In preparing scholarly editions of National Socialist texts, the IfZ can point to a varied and wide-ranging expertise: for example, the collection of Hitlers Reden, Schriften, Anordnungen 1925-1933 (Hitler’s Speeches, Writings and Directives, 1925-1933), published between 1991 and 1998/2003, encompasses 12 volumes. In 1961, the Institute for Contemporary History also published Hitler’s Zweites Buch (Second Book). In the 1990s the Institute brought out the diaries of Joseph Goebbels and recently published the diaries of the NSDAP ‘chief ideologue’, Alfred Rosenberg. For that reason, it seemed only consistent that the IfZ also took up this challenge and with Mein Kampf, tackled a textual source that certainly does not present itself like other historical documents. Rather, what was necessary, along with sober and precise scholarly expertise, was a critical encounter with Hitler’s text, in sum: an edition with a point of view.

A contribution to political education

Preparing scientific commentary on Mein Kampf is not only a scholarly task. There is hardly any book that is more overladen with such a multitude of myths, that awakens such disgust and anxiety, that ignites curiosity and stirs speculation, while simultaneously exuding an aura of the mysterious and forbidden – a taboo that can prove for some commercially lucrative.

Consequently, this critical edition of Mein Kampf also views itself as a contribution to historical-political information and education.
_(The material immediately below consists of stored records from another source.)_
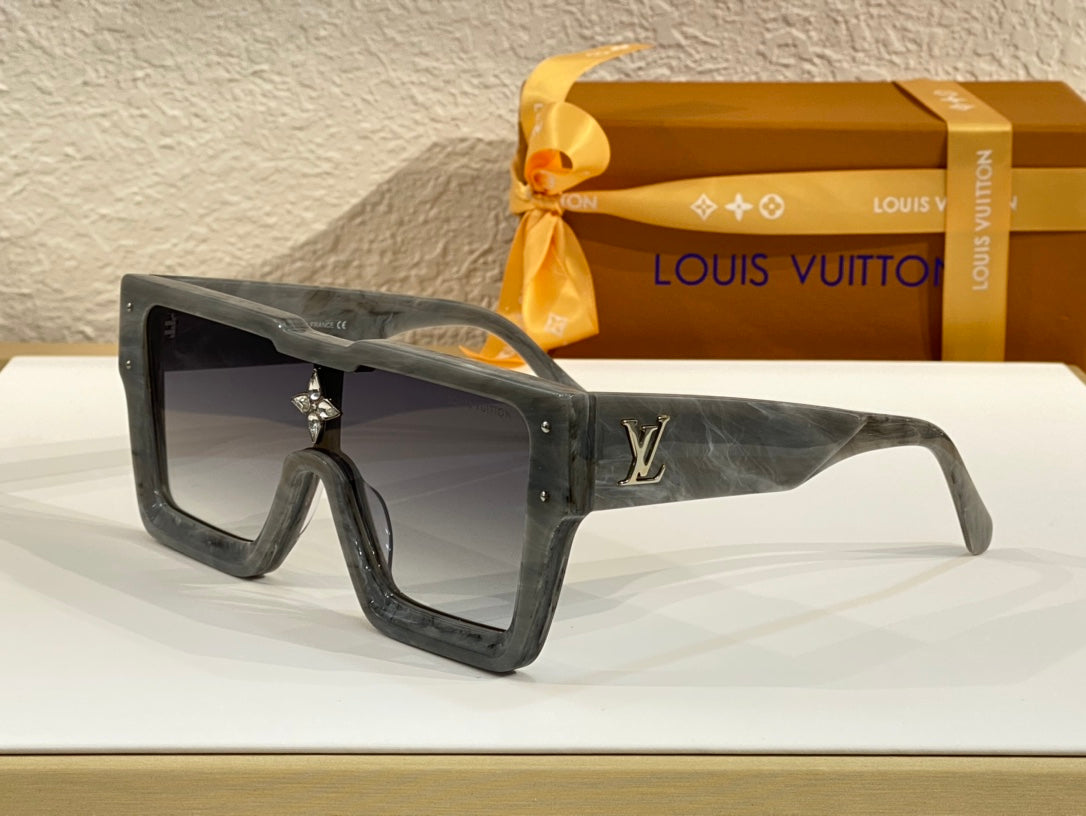 Louis Vuitton Sunglasses - DEEPREPS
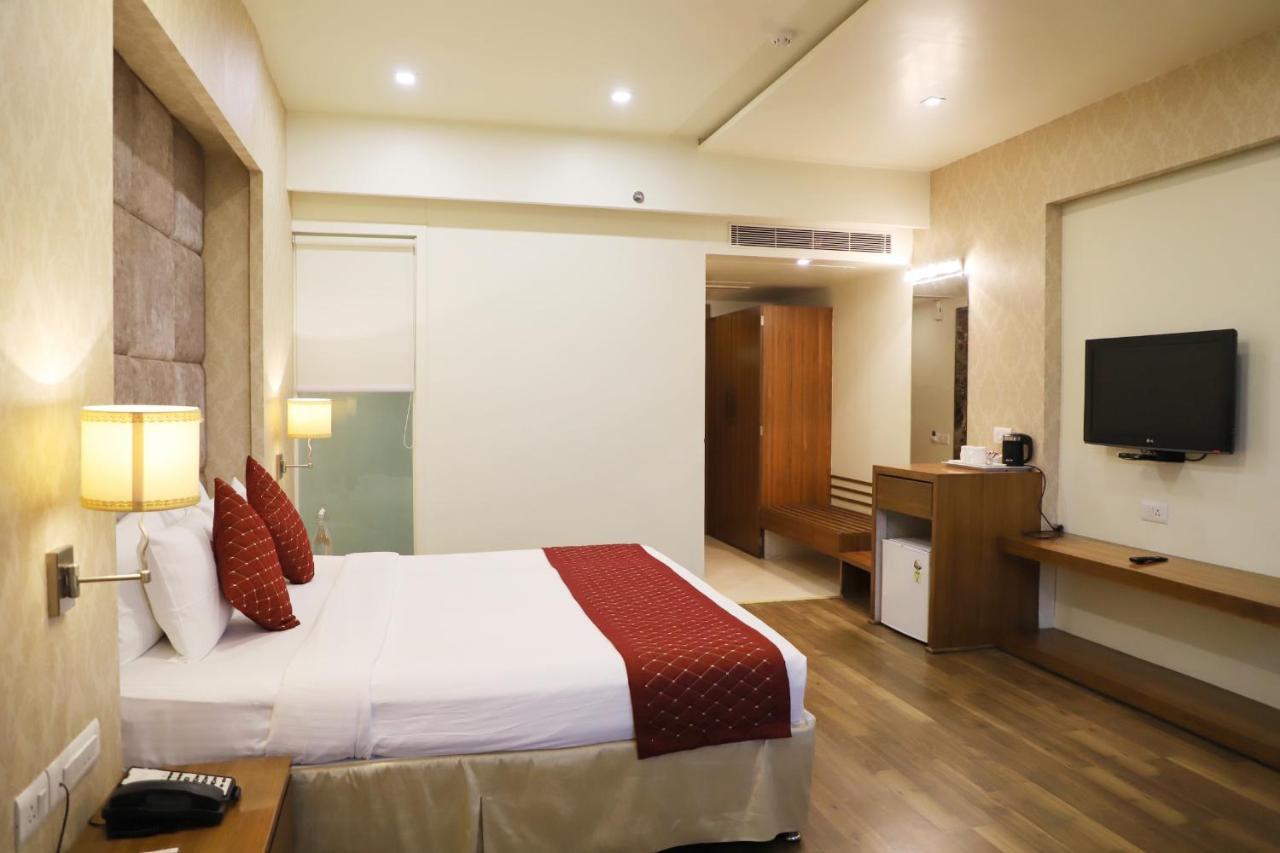 Boulevard 9 Luxury Resort & Spa Some Parts Of Property Under Renovation Nadiad Ngoại thất bức ảnh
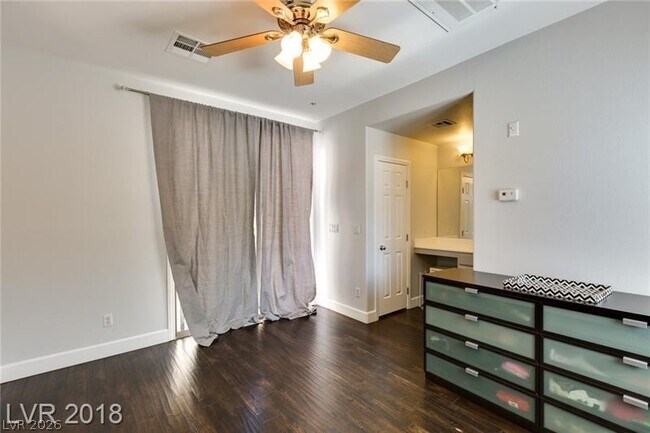 Building Photo - 5752 Murtiga Ct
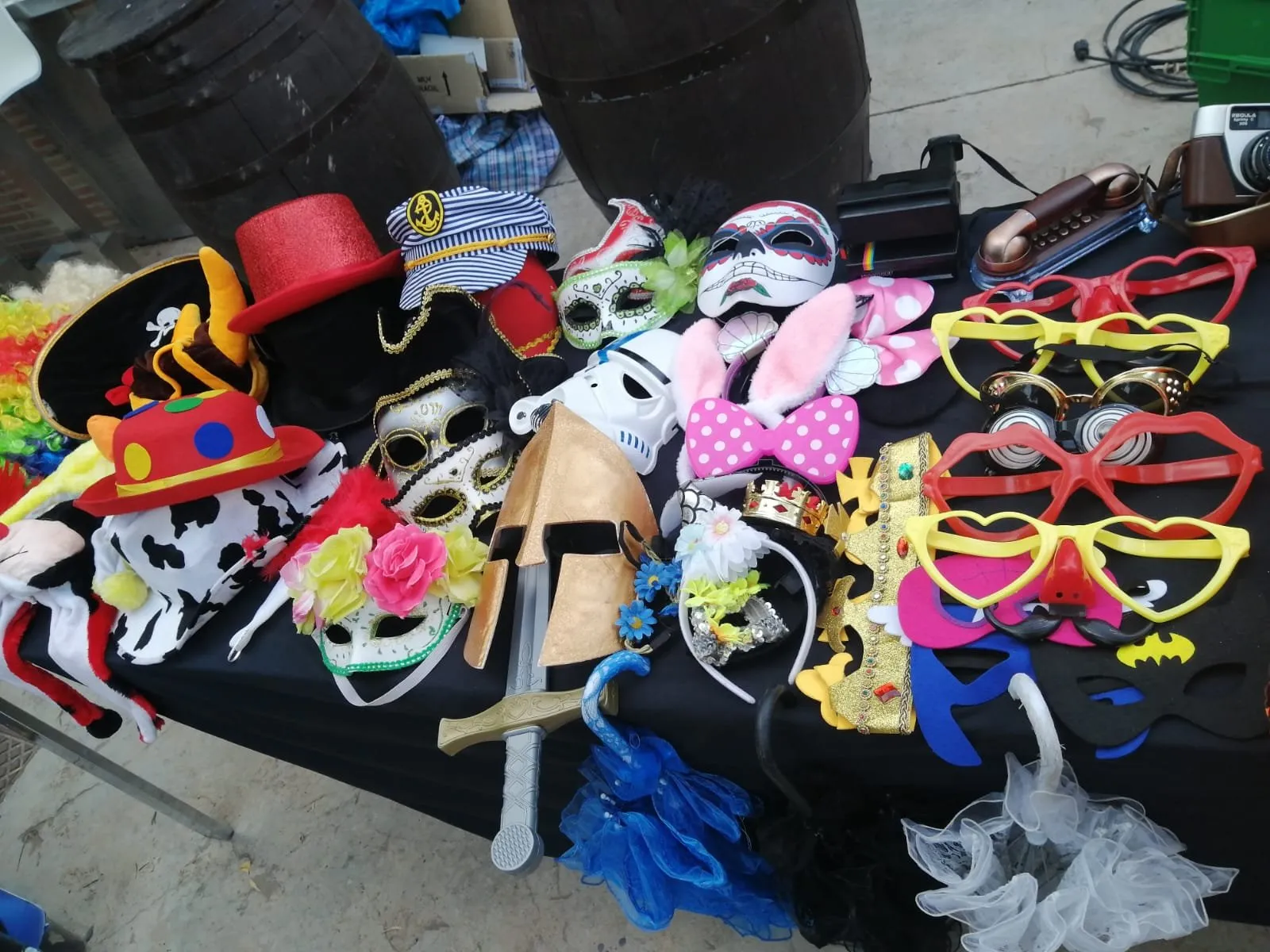 Mesa de atrezzo con sombreros, máscaras, gafas y pelucas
It seeks to thoroughly deconstruct Hitler's propaganda in a lasting manner and thus to undermine the symbolic power of the book. In this way, it also makes it possible to counter an ideological-propagandistic and commercial misuse of Mein Kampf.
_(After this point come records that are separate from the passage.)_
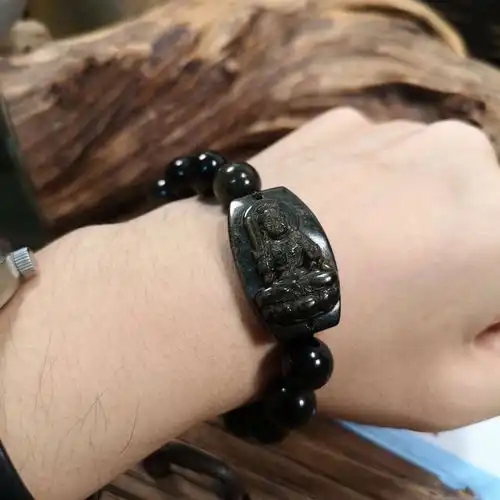 这6种手串内敛又不失张扬,最适合35岁的中年男人,你玩对了吗
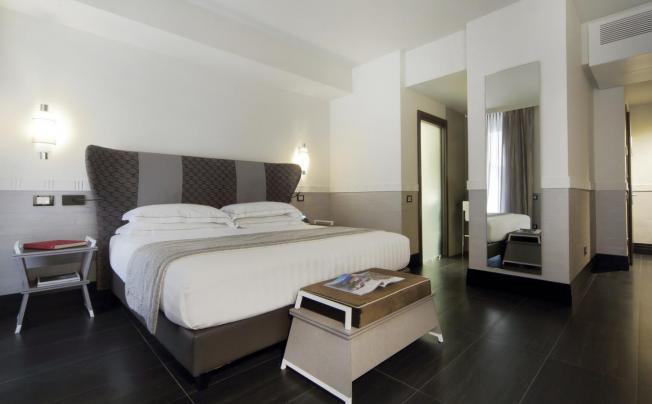 Фото отеля Mood Suites Tritone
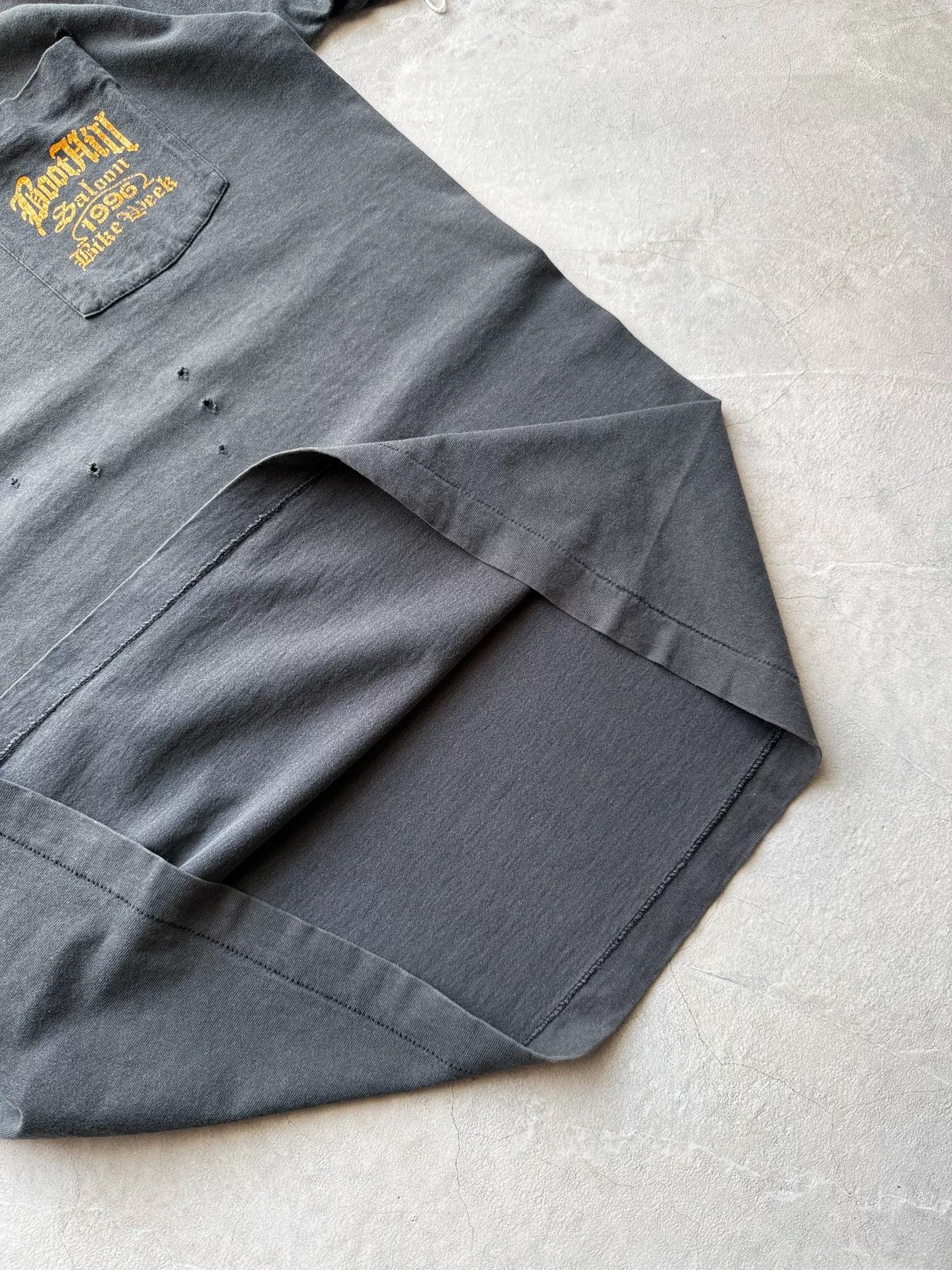 Vintage Vintage 90s Boot Hill Saloon Pocket Tee Size US L / EU 52-54 / 3 - 3 Thumbnail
After all, despite all the debates about republication, Hitler’s book has even before the expiration of the copyright long been accessible in a variety of ways: on the shelves of used book shops, in legally printed English translation or a mouse click away on the Internet – Mein Kampf is out there and every year manages to find new readers, agitators and commercial profiteers.
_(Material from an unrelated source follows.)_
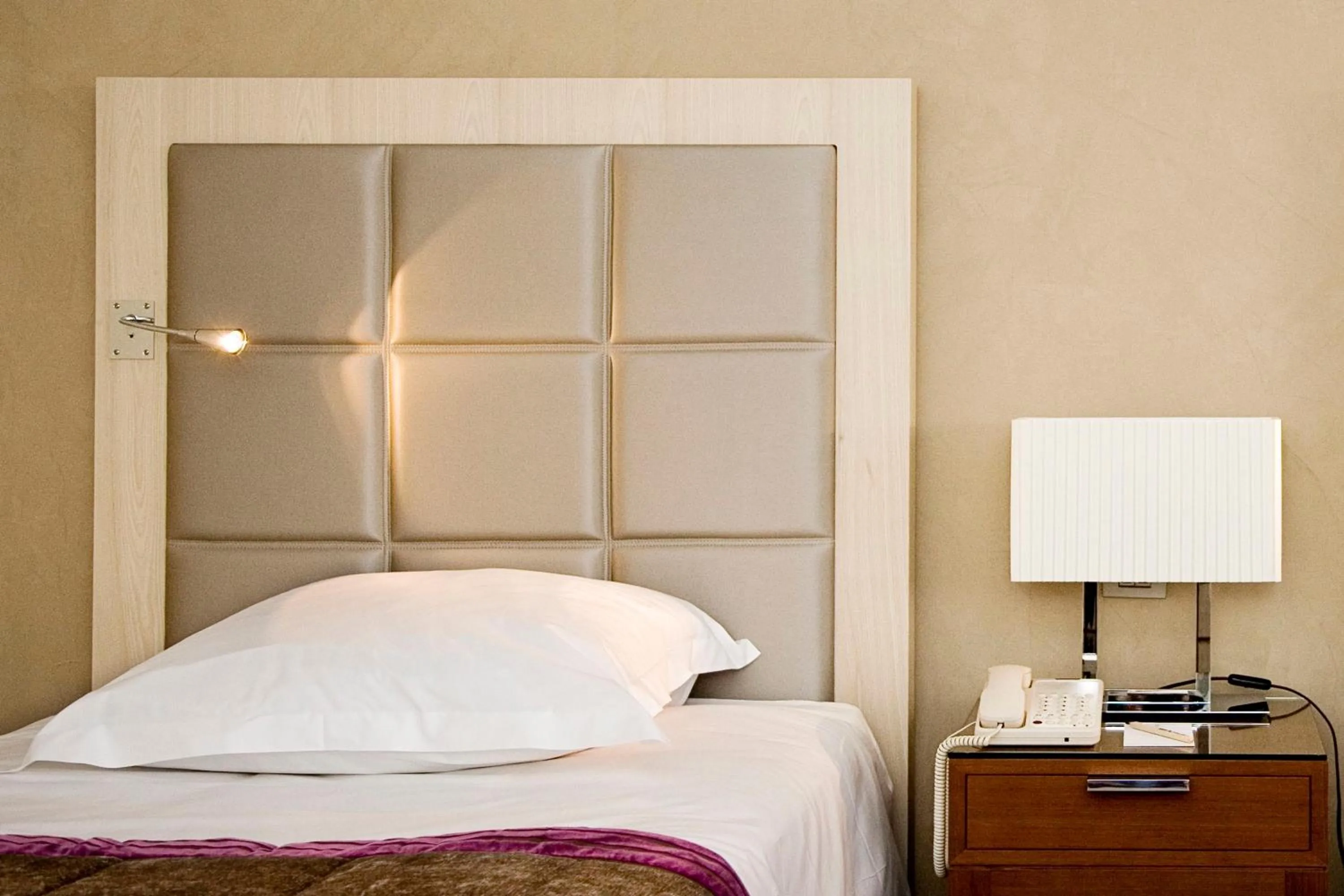 Bedroom, Bed in Hilton Evian Les Bains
For that reason as well, the task of a annotated critical edition is to render the debate objective and to put forward a serious alternative, a counter-text to the uncritical and unfiltered dissemination of Hitler’s propaganda, lies, half-truths and vicious tirades. The scholarly edition prepared by the Institute for Contemporary History is oriented to political education, and thus consciously seeks in form and style to reach a broad readership. By means of a kind of ‘framing’ of the original text in the form of an introduction and detailed commentary, a subtext to Mein Kampf is constructed. Through these annotations, it quickly becomes clear how Hitler’s ideology arose, just how selective and distorted his perception of reality was, and and it becomes possible to show the link between its formulation in Mein Kampf and the political practice and its terrible consequences after 1933.


How do the editors work?

Two historians, under the direction of Christian Hartmann, are currently at work in the IfZ on the critical edition of Mein Kampf. They are structuring the original text by providing explanatory introductions to each individual chapter; through more than 3,500 annotations, they address a broad spectrum of variegated tasks by providing:

  • Objective information on persons and events described
  • Clarification of central ideological concepts
  • Disclosure of the source materials Hitler utilised
  • Explanation of the roots of various concepts in the history of ideas
  • Contextualisation of aspects contemporaneous to the text
  • Correction of errors and one-sided accounts
  • Development of a perspective on the consequences of Hitler’s book
  • New contributions in relevant fundamental research

Unusually in the context of an edition of a book, the editorial team is also examining the period after 1933, thus comparing Hitler’s programmatic ideas with his political actions in the time period 1933-1945.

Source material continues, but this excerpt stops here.